Leadership Potential - The New Currency of Organizational Resilience
- Hubert Saint-Onge

- 4 days ago
- 9 min read
By Hubert Saint-Onge

Why is leadership potential key to organizational resilience?
For decades, organizations have assessed leadership potential by looking backward, evaluating whether someone could climb the next rung based on past performance and proven competencies. That approach is now dangerously outdated.
Today's business environment moves at a pace that would have been unthinkable a decade ago. Markets shift overnight. Technology cycles accelerate. Strategy horizons shrink.
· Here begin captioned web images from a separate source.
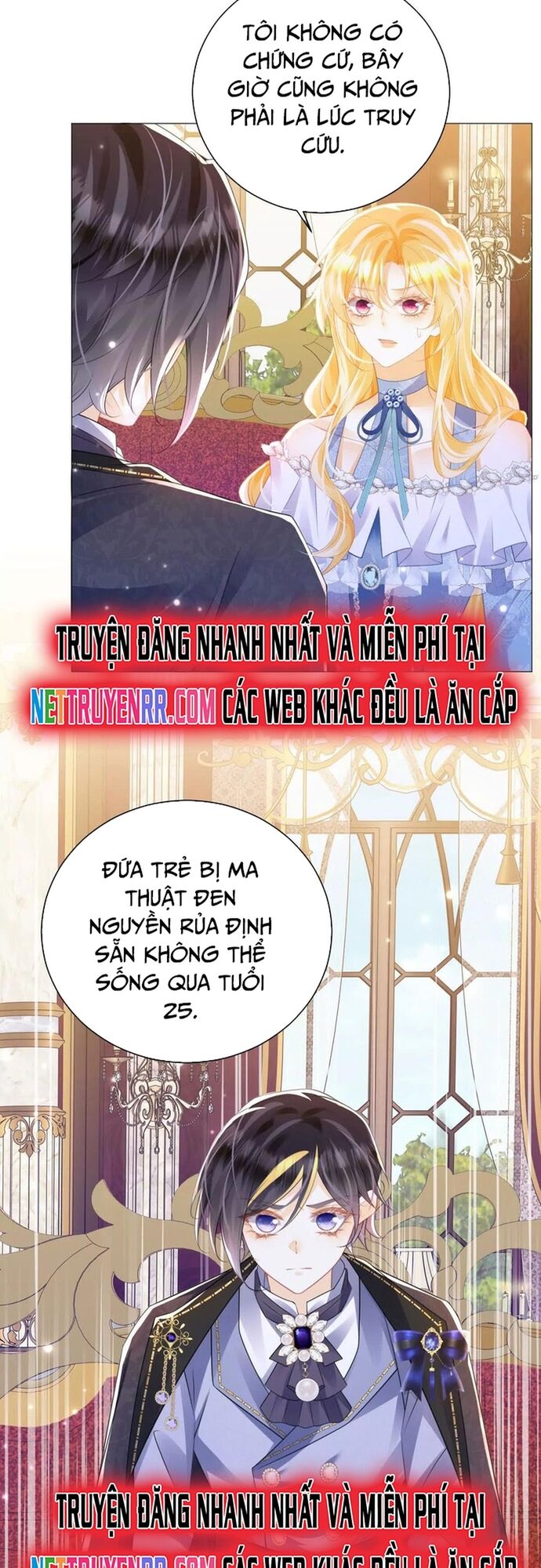 Tôi Không Muốn Làm Bạch Nguyệt Quang Của Kẻ Phản Diện Chap 97 - Next Chap 98
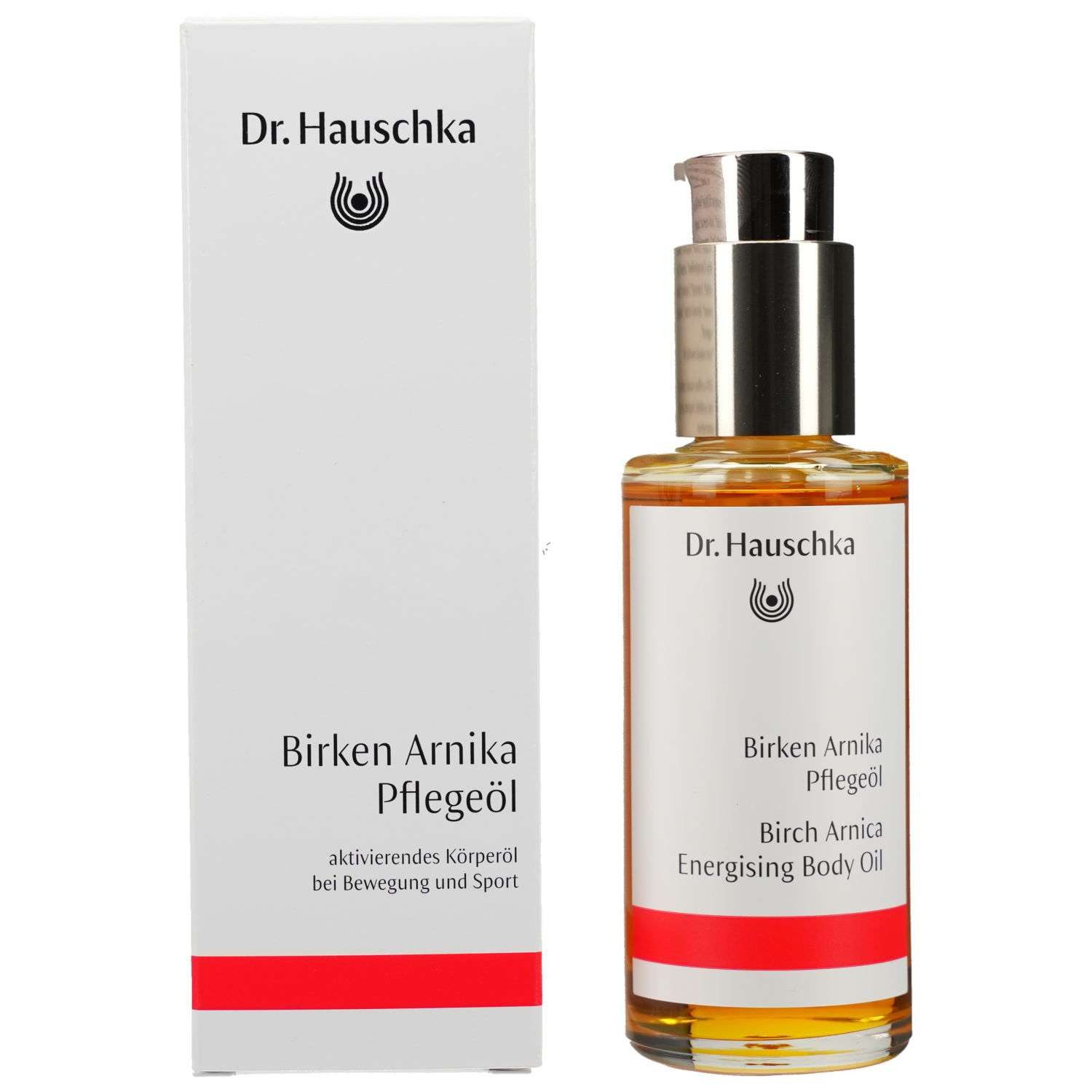 WALA Heilmittel GmbH Massageöl DR.HAUSCHKA Birken Arnika Pflegeöl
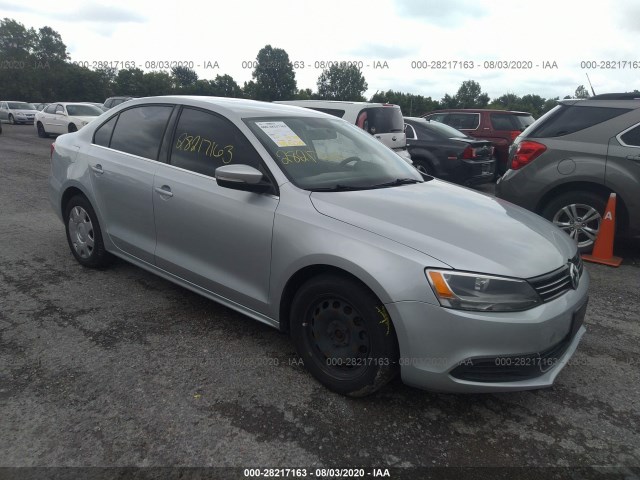 VOLKSWAGEN JETTA SEDAN 2013 3vwdp7aj0dm406986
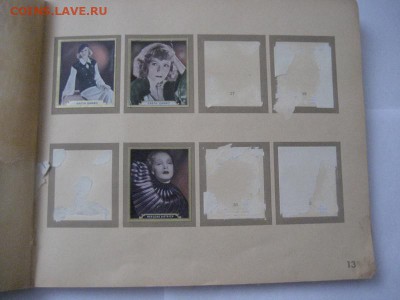 Альбом.Германия 30-е гг. Вкладыши сигарет. - IMG_8382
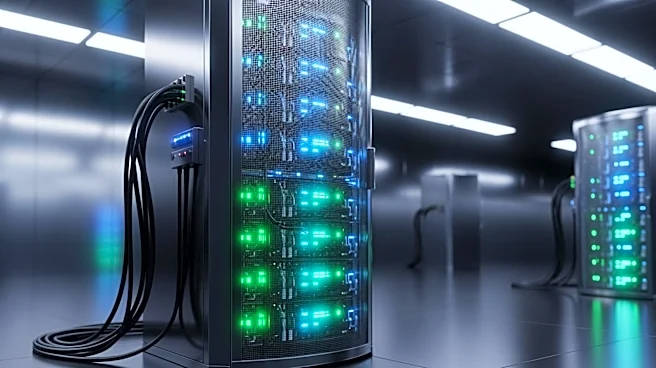 Hewlett Packard Enterprise Surpasses 2028 Financial Goals Amid AI Demand Surge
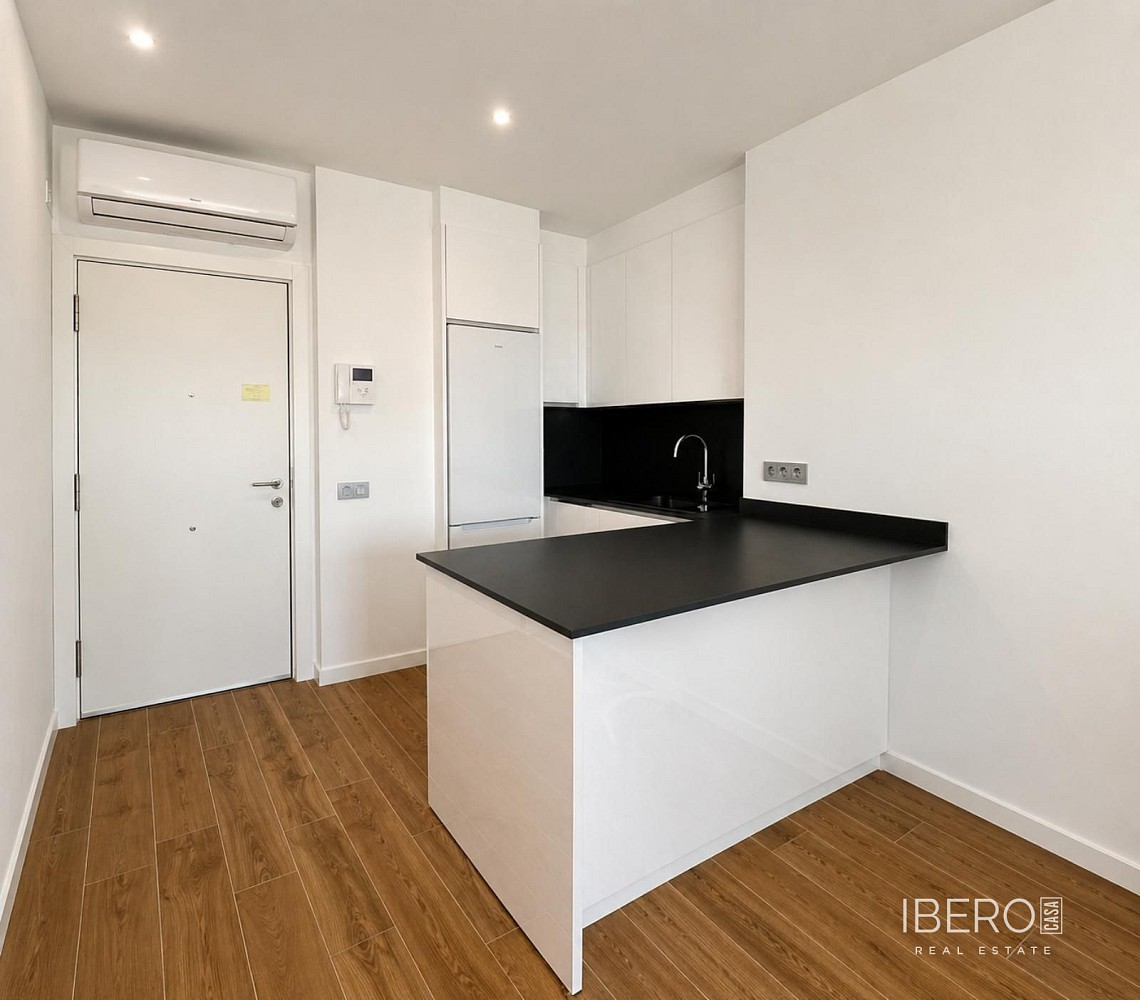 2+kk, Málaga Centro, Španělsko, 45 m² - 2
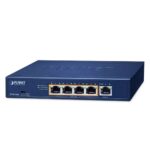1-Port 802.3bt PoE++ to 4-Port 802.3af/at Gigabit PoE Extender 2 box POE E304v3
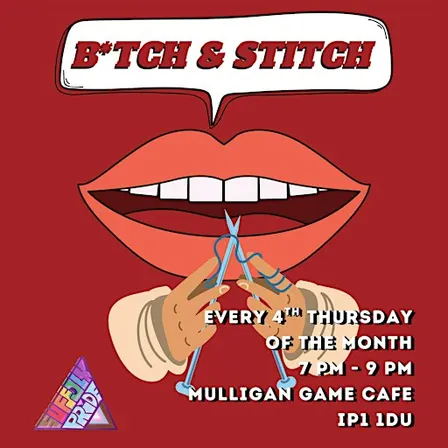B*tch & Stitch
In this context, the leaders who will determine your organization's future are not those with the most impressive track records: they're the ones who can learn, adapt, and thrive amid chaos.
Yet the uncomfortable truth is that many organizations are still promoting according to obsolete criteria. And many leaders remain blind to what truly separates the resilient from the obsolete.
This article explores a fundamental shift in how you should think about leadership development—both your own and that of those around you. It asks the essential questions: What does potential actually mean now? How do you cultivate it? And why are so many smart organizations still getting it wrong?
Competence vs. Potential: Why the distinction matters more than ever
Competence is what a leader can do today—the skills, knowledge, and behaviours that built their track record.
Potential is what they could do tomorrow—their capacity to grow, navigate complexity, and thrive in roles that don't yet exist.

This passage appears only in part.